**INSTRUCTIONS FOR THE TASK:** Lines with "بغداد": please show every one of them from the listing below.

**THE INPUT:**
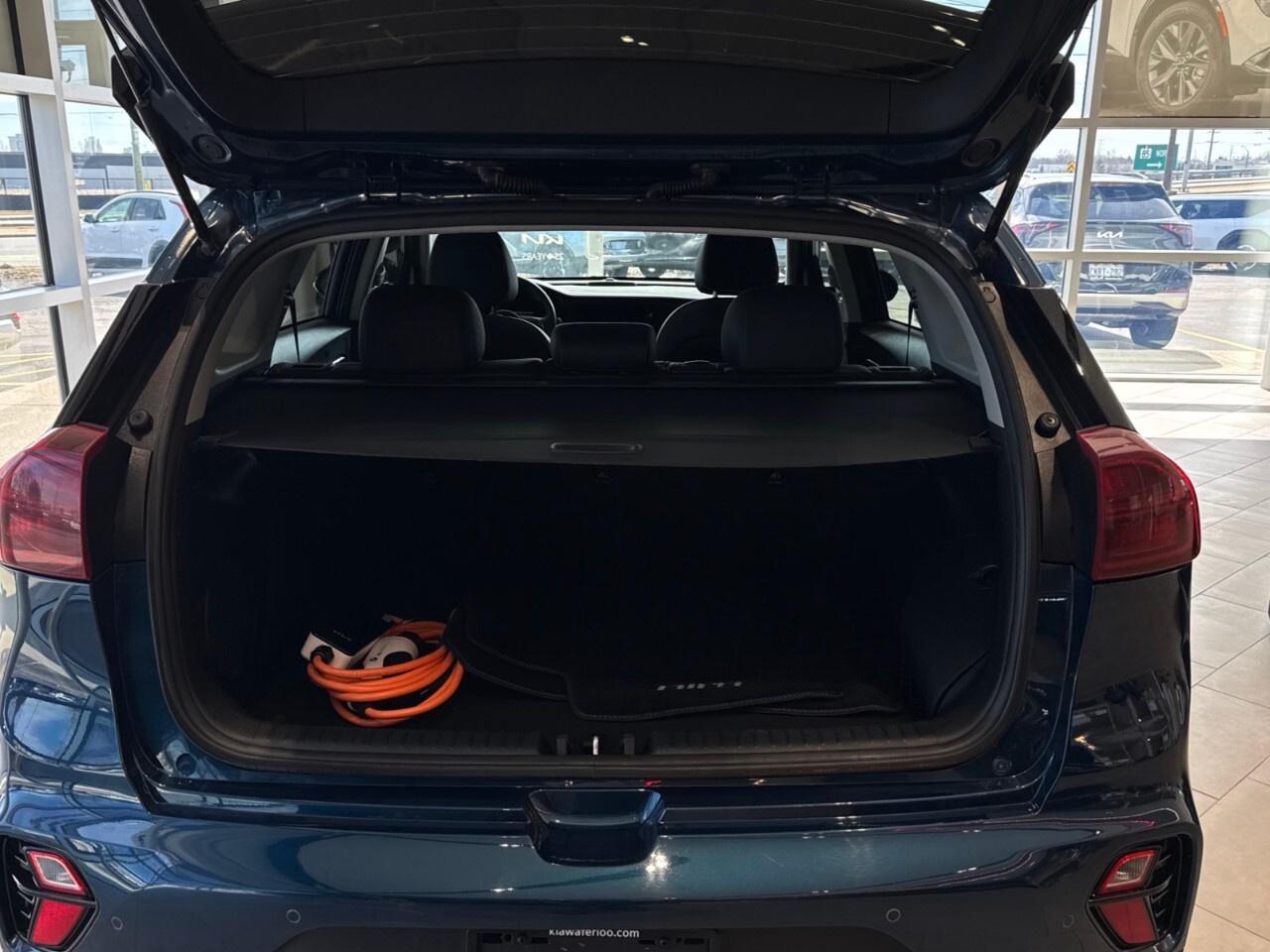 2022 Kia Niro Plug-In Hybrid SX Touring FWD Photo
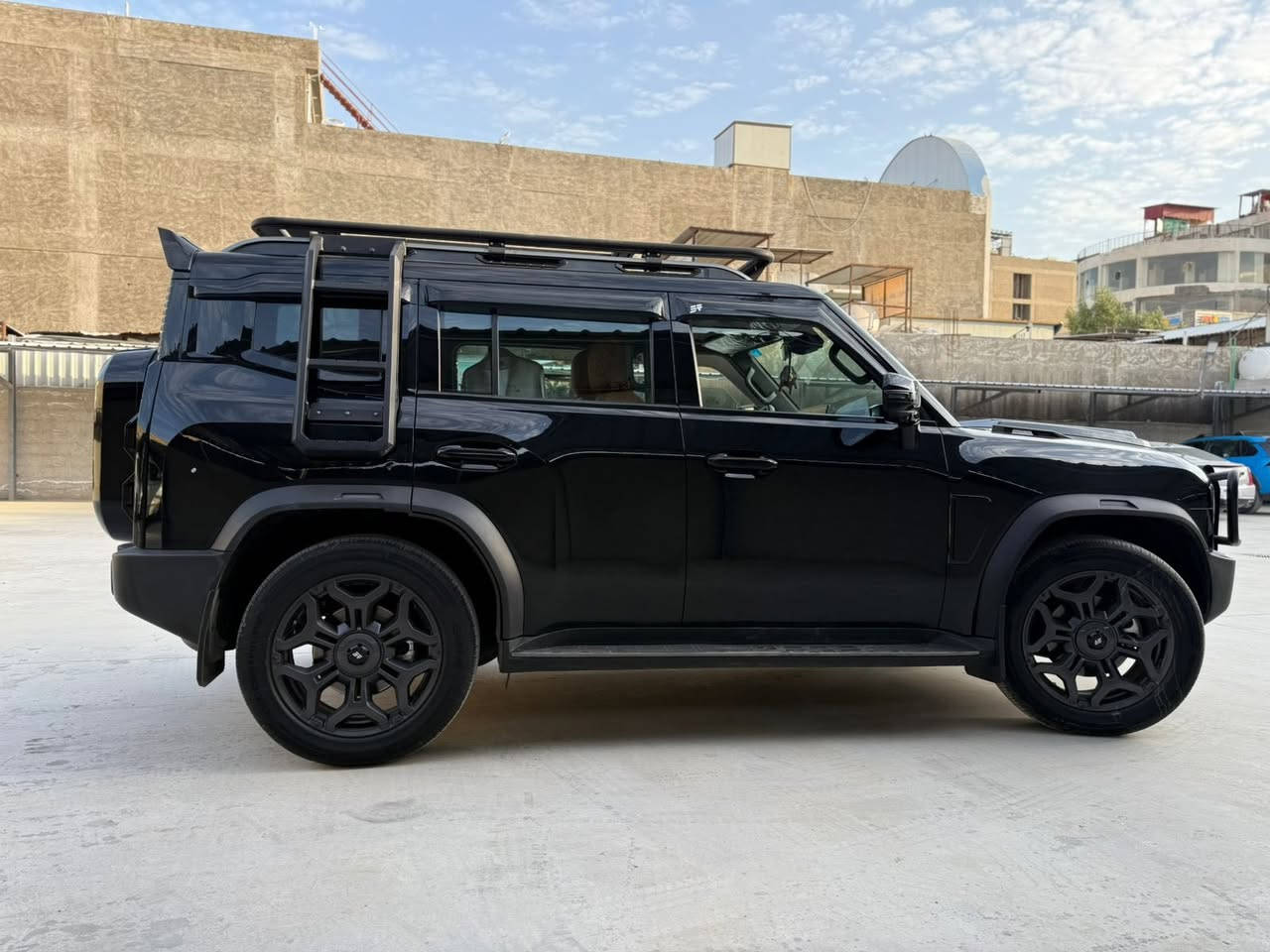 السلام عليكم
جيتور T2 موديل 2025  محرك 2000 تيربو للبيع رقم بغداد بأسمي 

السيارة كفالة عامة من كلشي وبضمان الشركة 10 سنوات او مليون كيلو 

مواصفات السيارة فول 1/1 وعليها اضافات فوك 12 ورقة موضحة بلصور 

السيارة ماشية 24 الف كيلو فقط 

السعر : 250 $ وبيهة مجال بسيط

العنوان : بغداد / الرصافة 

للاستفسار : *********** / متوفر واتس ايضا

**ANSWER TO THE EXERCISE:**
جيتور T2 موديل 2025  محرك 2000 تيربو للبيع رقم بغداد بأسمي 
العنوان : بغداد / الرصافة 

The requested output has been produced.